Dr. Eckhard Johannes

Dr. Eckhard Johannes

„Wie man lebt hat nichts damit zu tun, was man zu geben bereit ist“

Viele Ortsansässige kennen Dr. Eckhard Johannes als Vorstandsmitglied des Seniorenbeirats und als engagierter Mitstreiter beim Freiwilligenforum. Aber er macht sich auch im Förderverein für die 260 männlichen Bewohner des Hamburger Obdachlosenwohnheimes „Pik as“ stark. Dort verteilt er jeweils einmal in der Woche warme Mahlzeiten und wird mit viel menschlichem Elend konfrontiert. Sein Zuhause mit dem akkurat gepflegten Garten in Bönningstedt ist für ihn vielleicht auch deshalb eine Oase der Entspannung. Hier trifft ihn das Dorf-Geflüster zum Lokaltermin.

Dorf-Geflüster: Herr Dr. Johannes, bei all Ihrem ehrenamtlichen Engagement fällt Ihre Arbeit für das Obdachlosenwohnheim „Pik As“ doch aus dem Rahmen. Wie sind Sie dazu gekommen?

Dr. Eckhard Johannes: Nach meiner Pensionierung – ich arbeitete bis 2007 als Kardiologe mit eigener Praxis in Hamburg –  fuhr ich den so genannten Mitternachtsbus, ein Projekt der Diakonie Hamburg. Ehrenamtliche bringen mit diesem Fahrzeug Decken, warme Kleidung Brot und Brötchen zu den Schlafplätzen von Wohnungslosen. Ich leistete auch ärztliche Hilfe für diese Menschen im Rahmen einer Sprechstunde in der Tagesaufenthaltsstelle der Diakonie an der Bundesstraße. Danach auch im Pavillon vor „Pik As“ Dann bin ich Mitglied des Fördervereins für das Pik-As-Wohnheim geworden. Außerdem teile ich einmal die Woche warmes Essen an die Männer aus. Leider dürfen wir aus rechtlichen Gründen nicht selber kochen, sondern nur Speisen aufwärmen. 130 bis 170 Portionen Essen geben wir aus. Neulich gab es Gulaschsuppe…

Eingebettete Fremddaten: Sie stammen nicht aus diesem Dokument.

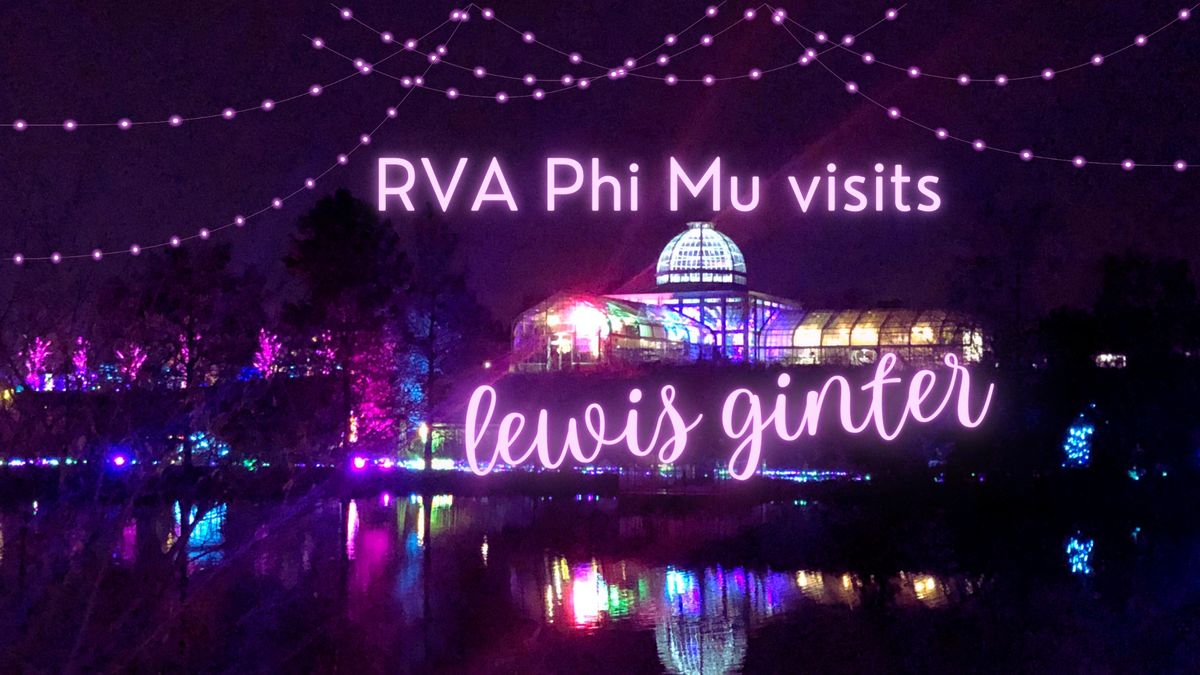 RVA Phi Mu visits Lewis Ginter for Lights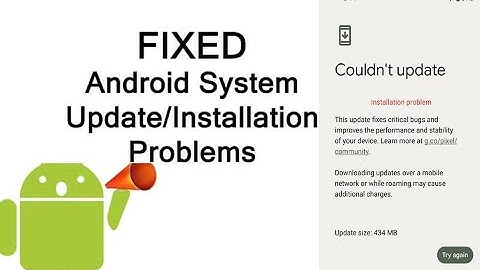 Fix Couldn’t Update Installation Problem on Android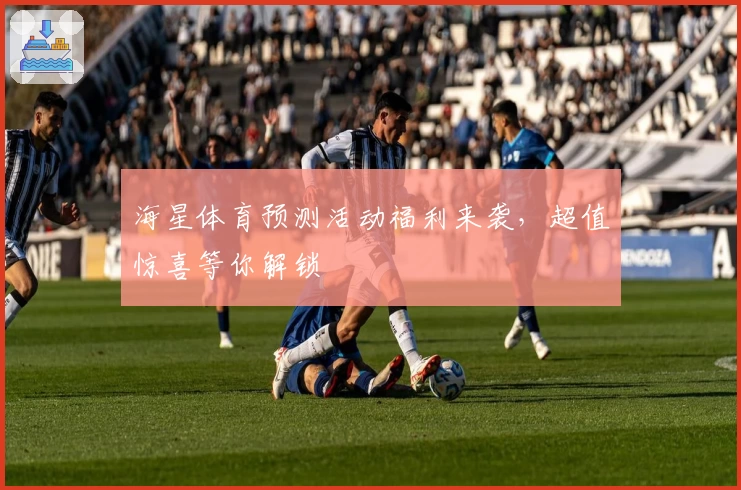 海星体育预测活动福利来袭，超值惊喜等你解锁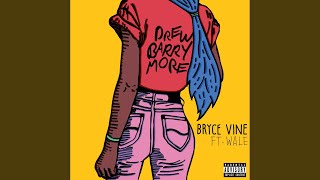 Video thumbnail of "Bryce Vine - Drew Barrymore (feat. Wale)"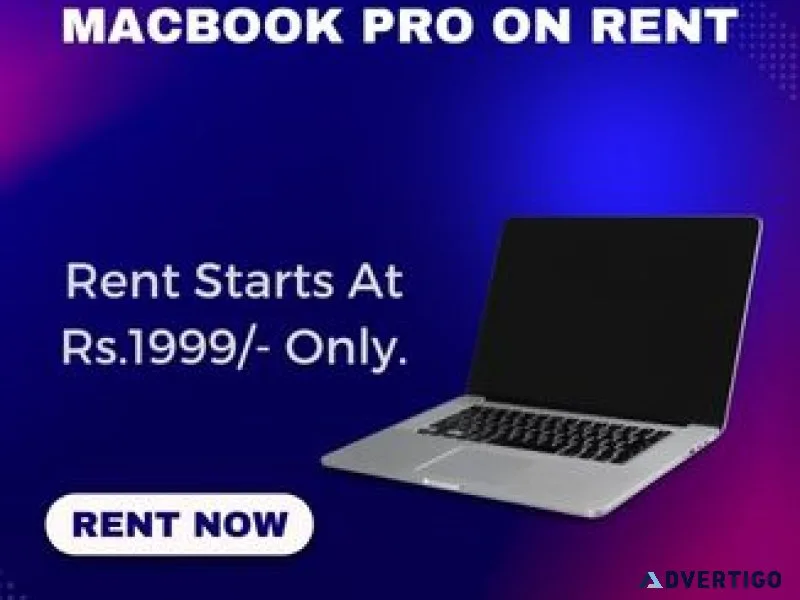 Macbook pro on rent starts at rs1999/- only in mumbai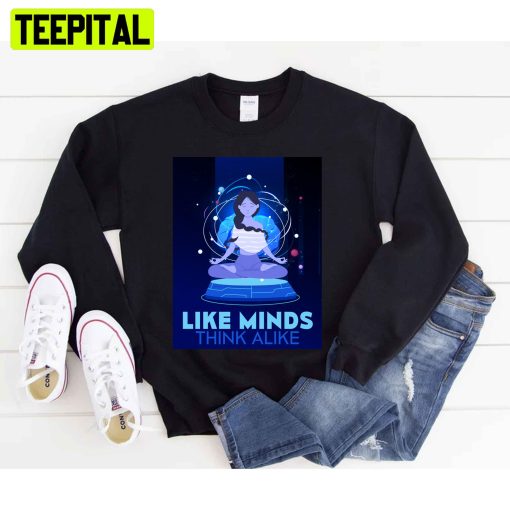 Like Minds Think Alike Unisex T-Shirt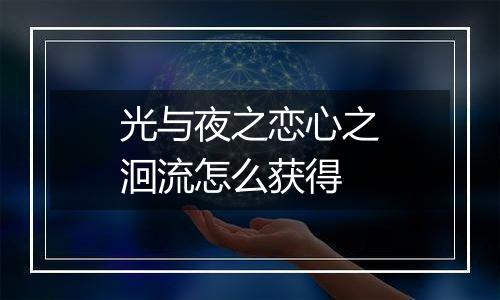 光与夜之恋心之洄流怎么获得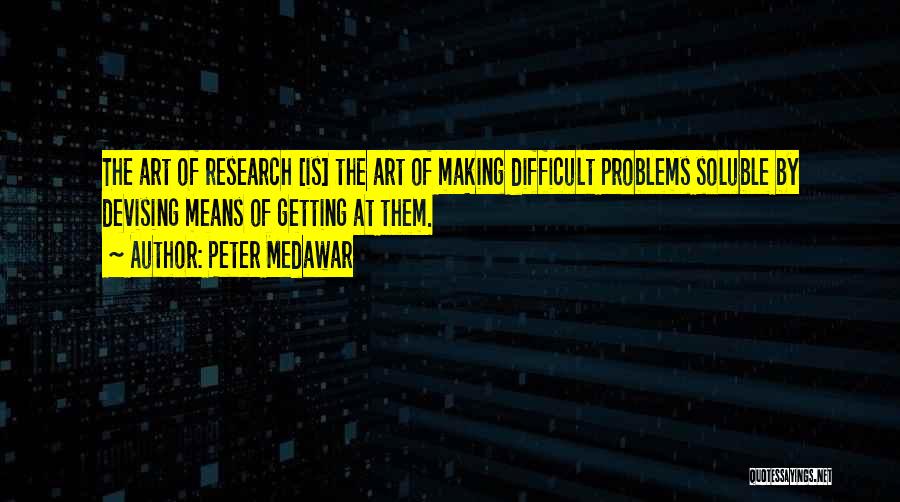 Peter Medawar Quotes: The Art Of Research [is] The Art Of Making Difficult Problems Soluble By Devising Means Of Getting At Them.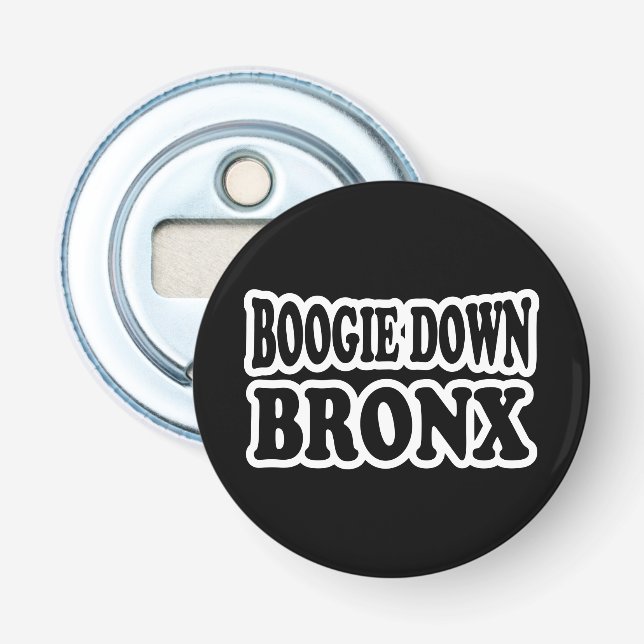 Boogie Down Bronx, NYC Flasköppnare (Framsidan)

Dorf-Geflüster: Das machen Sie schon sehr lange. Nicht viele Helfer können das Elend dieser Männer auf Dauer ertragen.

Dr. Eckhard Johannes: Ich bin seit Geburt im christlichen Glauben verwurzelt. Mein Vater war Pfarrer im Hunsrück. Ich bin nun 72 Jahre alt. Die Zeit nach dem Zweiten Weltkrieg ist für mich ein sehr bewusster Lebensabschnitt. Nach 1945 bis weit in die 50er Jahre hinein gab es viele so genannte Tippelbrüder, die an unsere Tür geklopft haben, um Hilfe und Lebensmittel zu erhalten. Das hat mich geprägt. Ich habe einen Bezug zu jenen, die es nicht so gut getroffen haben. Wie man lebt hat nichts damit zu tun, was man zu geben bereit ist.

Dorf-Geflüster: Helfen Sie nur im Stillen oder trauen Sie sich, Ungerechtigkeiten öffentlich zu machen?

Dr. Eckhard Johannes: Seit 1981 bin ich Mitglied im Kirchengemeinderat. Als die ersten Asylbewerber zu uns nach Bönningstedt kamen, gab es hier tatsächlich Leute, die haben einer mehrköpfigen Familie ein kleines Zimmer teuer vermietet. Da habe ich mich eingemischt. Ich kann schon unbequem werden, wenn es sein muss!

Dorf-Geflüster: Als Seniorenbeiratsvorstand haben Sie es hier im Ort mit älteren Menschen zu tun, die es zumeist relativ gut getroffen haben. Künftig wird es vielleicht Bönningstedter geben, deren Rente kaum zum Leben ausreichen wird. Was raten Sie?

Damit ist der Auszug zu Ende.